The British government should be dropping “bread" not "bombs” in Syria, a senior SNP MP has said against calls for the RAF to deliver food parcels to crisis-hit Madaya.
Brendan O’Hara, the party’s defence spokesman, told the House of Commons there was a “terrible irony” that children would “starve to death” in the besieged northern Syrian town while the UK government launched its Brimstone missile at ISIL terrorists in Raqqa.
Syrian President Bashar al Assad has kept the town under siege since July last year and global outrage over images of malnourished children and adults has forced the regime to allow the first UN aid convoy to arrive in the town.
International Development Secretary Justine Greening yesterday condemned the “atrocious situation” as “deliberate and man-made”. The aid convoy carrying food, medicine and hygiene kits has begun to offer assistance to an estimated 40,000 inhabitants.
But some MPs are pushing for air drops delivered by the British military. In the House of Commons, Mr O’Hara drew comparisons with the targeted bombing raids on terrorists, principally in Raqqa in the north of the Syria.
On Monday, the Ministry of Defence confirmed four £100,000 Brimstone missiles - hailed for their accuracy - were used for the first time. Mr O’Hara asked: “If we have the ability to drop bombs, then surely we have the ability to drop bread?”
SNP MP Brendan O'Hara
Speaking to the Huffington Post UK today, he dismissed the response from Ms Greening who suggested the fighter jets carry out an “entirely different RAF operation”. “I wouldn’t have thought you would have fighter jets dropping food,” he said. “The RAF has a lot more in its locker.”

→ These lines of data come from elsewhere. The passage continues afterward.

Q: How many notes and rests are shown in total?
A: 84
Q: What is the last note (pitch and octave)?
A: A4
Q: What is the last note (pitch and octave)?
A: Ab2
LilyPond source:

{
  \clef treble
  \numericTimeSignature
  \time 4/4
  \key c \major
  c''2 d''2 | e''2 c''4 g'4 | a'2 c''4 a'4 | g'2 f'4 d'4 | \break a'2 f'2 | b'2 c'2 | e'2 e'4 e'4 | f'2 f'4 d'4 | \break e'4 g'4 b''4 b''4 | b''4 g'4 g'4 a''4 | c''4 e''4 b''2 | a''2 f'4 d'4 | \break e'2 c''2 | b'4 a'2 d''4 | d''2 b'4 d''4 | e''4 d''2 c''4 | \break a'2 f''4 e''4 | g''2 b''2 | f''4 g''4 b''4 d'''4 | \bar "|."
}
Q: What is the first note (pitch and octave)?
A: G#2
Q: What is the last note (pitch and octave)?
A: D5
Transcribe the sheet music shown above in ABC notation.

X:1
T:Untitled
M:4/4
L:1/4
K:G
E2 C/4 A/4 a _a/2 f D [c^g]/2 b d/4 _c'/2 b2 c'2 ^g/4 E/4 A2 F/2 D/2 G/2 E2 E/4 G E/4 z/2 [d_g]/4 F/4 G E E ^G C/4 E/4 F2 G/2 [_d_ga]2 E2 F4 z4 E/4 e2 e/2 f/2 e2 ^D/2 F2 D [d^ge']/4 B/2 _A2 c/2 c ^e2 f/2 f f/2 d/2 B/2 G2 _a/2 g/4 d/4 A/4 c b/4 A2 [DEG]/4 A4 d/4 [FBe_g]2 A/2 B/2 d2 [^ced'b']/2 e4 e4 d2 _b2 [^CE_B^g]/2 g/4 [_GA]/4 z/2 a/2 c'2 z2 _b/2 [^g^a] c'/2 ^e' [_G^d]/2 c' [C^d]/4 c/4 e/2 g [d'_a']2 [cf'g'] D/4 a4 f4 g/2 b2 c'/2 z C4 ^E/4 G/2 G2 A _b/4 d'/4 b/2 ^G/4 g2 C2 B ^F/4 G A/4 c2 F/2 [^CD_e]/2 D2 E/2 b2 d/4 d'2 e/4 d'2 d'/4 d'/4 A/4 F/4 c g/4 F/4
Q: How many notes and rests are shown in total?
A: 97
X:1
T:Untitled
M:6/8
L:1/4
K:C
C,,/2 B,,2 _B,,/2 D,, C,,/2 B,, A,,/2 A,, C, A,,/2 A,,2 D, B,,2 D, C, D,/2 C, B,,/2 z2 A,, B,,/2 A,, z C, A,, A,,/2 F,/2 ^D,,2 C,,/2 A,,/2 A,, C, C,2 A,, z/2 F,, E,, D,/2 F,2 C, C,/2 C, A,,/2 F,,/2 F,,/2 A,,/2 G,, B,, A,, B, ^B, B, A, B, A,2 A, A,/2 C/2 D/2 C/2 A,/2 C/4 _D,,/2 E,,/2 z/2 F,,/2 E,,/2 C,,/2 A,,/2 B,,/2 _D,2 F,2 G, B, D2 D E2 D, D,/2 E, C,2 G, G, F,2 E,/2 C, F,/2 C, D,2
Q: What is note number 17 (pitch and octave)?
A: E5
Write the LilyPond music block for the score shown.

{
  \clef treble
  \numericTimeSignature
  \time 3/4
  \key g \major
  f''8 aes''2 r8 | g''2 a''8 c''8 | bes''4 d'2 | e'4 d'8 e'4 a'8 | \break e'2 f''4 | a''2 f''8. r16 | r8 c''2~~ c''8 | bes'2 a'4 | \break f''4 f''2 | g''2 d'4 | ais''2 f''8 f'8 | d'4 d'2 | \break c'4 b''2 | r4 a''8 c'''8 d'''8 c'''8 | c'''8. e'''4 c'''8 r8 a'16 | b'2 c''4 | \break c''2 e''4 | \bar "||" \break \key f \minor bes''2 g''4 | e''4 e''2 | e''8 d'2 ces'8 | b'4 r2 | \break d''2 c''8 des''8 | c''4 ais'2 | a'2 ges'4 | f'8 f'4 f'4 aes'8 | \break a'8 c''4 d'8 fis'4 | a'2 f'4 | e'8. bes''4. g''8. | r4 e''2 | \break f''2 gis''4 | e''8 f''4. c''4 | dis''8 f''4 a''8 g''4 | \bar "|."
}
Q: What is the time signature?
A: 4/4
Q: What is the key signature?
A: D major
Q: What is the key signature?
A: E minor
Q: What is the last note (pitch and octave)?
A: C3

He went on: “There is an irony that at the same time as we are dropping bombs that supposedly minimise civilian casualties, children are starving to death. I appreciate we are trying to get the convoys through. But if the convoys don’t get through, then if we have the ability to drop bombs then surely we have the ability to drop bread?
Ms Greening signalled she was cool on the idea because of the risk of parcels “ending up in the wrong hands”.
But Mr O’Hara said: “If that does happen, so be it when people are dying. I just don’t accept that argument. I accept that this should be used as a last resort - but surely we are at that stage. If people are starving to death then surely you do everything you can.”
Fellow SNP MPs - Patrick Grady, the party’s international development spokesman, and trade and investment spokeswoman Tasmina Ahmed-Sheikh - made the same argument. Tory MP Jason McCartney and Labour MP Jo Cox, who secured the urgent question on Madaya in the Commons, also backed calls for aid to be dropped by air into Madaya.
Ms Cox called for “contingency planning for RAF food drops”, adding: “It has worked before - we have seen it happen. I was an aid worker for more than a decade and I have seen the difference that air drops can make.”
Ms Greening said the UK needs to “ensure that we use the most effective route so that we get the help to the people who are starving on the ground”.
Labour MP John Woodcock told MPs the SNP were asking the minister to "waste time explaining to the SNP what would happen to a food parcel if you were to try to deliver it via Brimstone supersonic missile".